The times at which 4G download speeds are slowest also vary between countries, with the Netherlands reported as seeing its slowest speeds at 4pm; the UK at 5pm; Singapore and Norway at 6pm; Switzerland and the US at 8pm; Australia, New Zealand, and Denmark at 9pm; Canada at 10pm; and South Korea at 11pm.
Cities will benefit the most from 5G, according to OpenSignal, because this is where users see the most widely varying speeds throughout the day. For instance, Sydney sees fastest hour speeds of 56Mbps, average speeds of around 41Mbps, and slowest hour speeds of 33Mbps.
Similarly, Seoul has fastest hour speeds of 59Mbps, average speeds of 48Mbps, and slowest hour speeds of just under 41Mbps.

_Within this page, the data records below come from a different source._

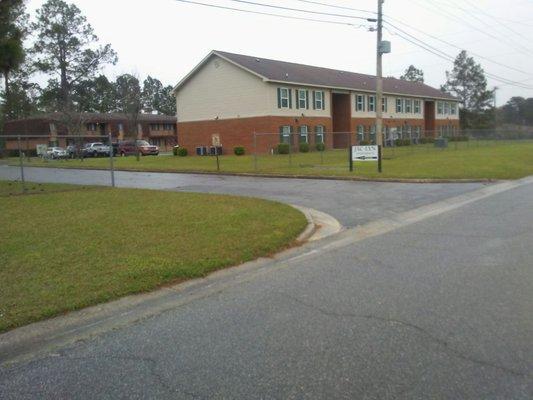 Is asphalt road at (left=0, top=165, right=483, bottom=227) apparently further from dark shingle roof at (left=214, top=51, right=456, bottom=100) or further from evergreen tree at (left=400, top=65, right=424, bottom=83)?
evergreen tree at (left=400, top=65, right=424, bottom=83)

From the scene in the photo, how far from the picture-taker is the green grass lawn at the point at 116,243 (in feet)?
19.0

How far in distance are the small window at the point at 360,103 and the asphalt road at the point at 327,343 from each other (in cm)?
4634

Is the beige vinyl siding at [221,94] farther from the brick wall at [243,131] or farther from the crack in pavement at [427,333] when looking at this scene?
the crack in pavement at [427,333]

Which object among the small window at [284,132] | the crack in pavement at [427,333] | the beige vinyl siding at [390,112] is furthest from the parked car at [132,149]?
the crack in pavement at [427,333]

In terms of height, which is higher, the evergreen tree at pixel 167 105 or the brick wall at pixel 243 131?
the evergreen tree at pixel 167 105

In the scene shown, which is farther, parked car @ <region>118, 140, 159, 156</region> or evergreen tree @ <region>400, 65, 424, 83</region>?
evergreen tree @ <region>400, 65, 424, 83</region>

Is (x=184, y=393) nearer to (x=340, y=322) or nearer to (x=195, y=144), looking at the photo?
(x=340, y=322)

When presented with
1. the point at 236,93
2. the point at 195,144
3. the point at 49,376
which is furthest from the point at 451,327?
the point at 195,144

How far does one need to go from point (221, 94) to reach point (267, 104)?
203 inches

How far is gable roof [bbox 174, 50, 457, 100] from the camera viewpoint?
4197 centimetres

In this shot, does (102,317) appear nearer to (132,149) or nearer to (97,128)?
(132,149)

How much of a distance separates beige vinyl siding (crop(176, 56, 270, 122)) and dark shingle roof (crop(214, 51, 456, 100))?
101 centimetres

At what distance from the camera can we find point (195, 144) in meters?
47.1

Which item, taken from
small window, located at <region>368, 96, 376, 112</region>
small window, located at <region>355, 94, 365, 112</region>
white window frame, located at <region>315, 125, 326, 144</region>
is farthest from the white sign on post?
small window, located at <region>368, 96, 376, 112</region> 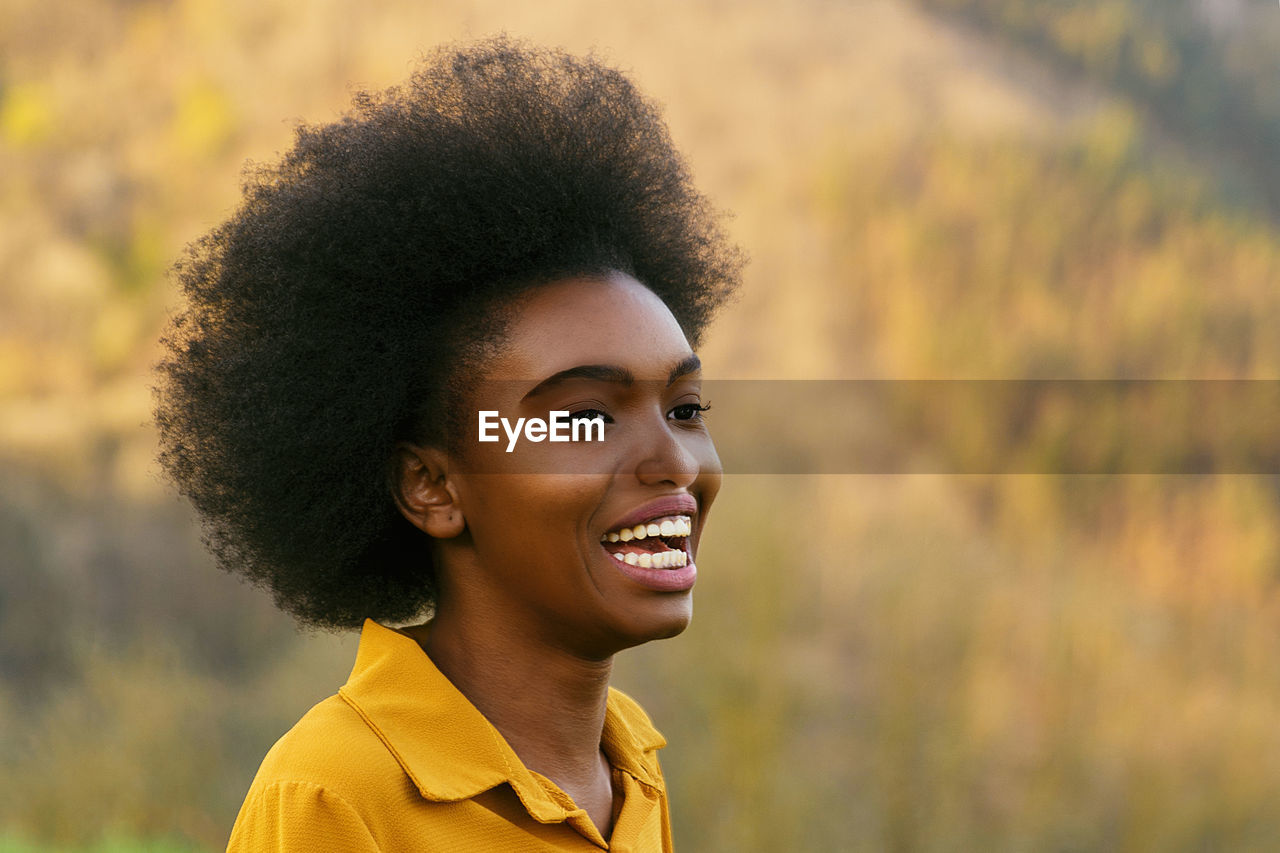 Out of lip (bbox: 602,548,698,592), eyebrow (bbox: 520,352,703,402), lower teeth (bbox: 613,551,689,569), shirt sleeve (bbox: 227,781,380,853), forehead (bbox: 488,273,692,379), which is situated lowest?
shirt sleeve (bbox: 227,781,380,853)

“Cities often have the latest 4G technologies deployed, and so should deliver the fastest speeds. And our measurements show they do, but only in the late hours night, when most users aren’t seeking a fast mobile experience. During the day and evening, speeds drop dramatically, highlighting the failure of current 4G networks to deliver a consistent experience,” OpenSignal said.
“Many of the new 5G-only spectrum bands are ideally suited to cities — such as mmWave — because of their short range and extremely high capacities.
“The new 5G bands will open up hundreds of megahertz of new extremely high-frequency spectrum for mobile broadband use, delivering much greater capacity to minimise the effect of congestion.”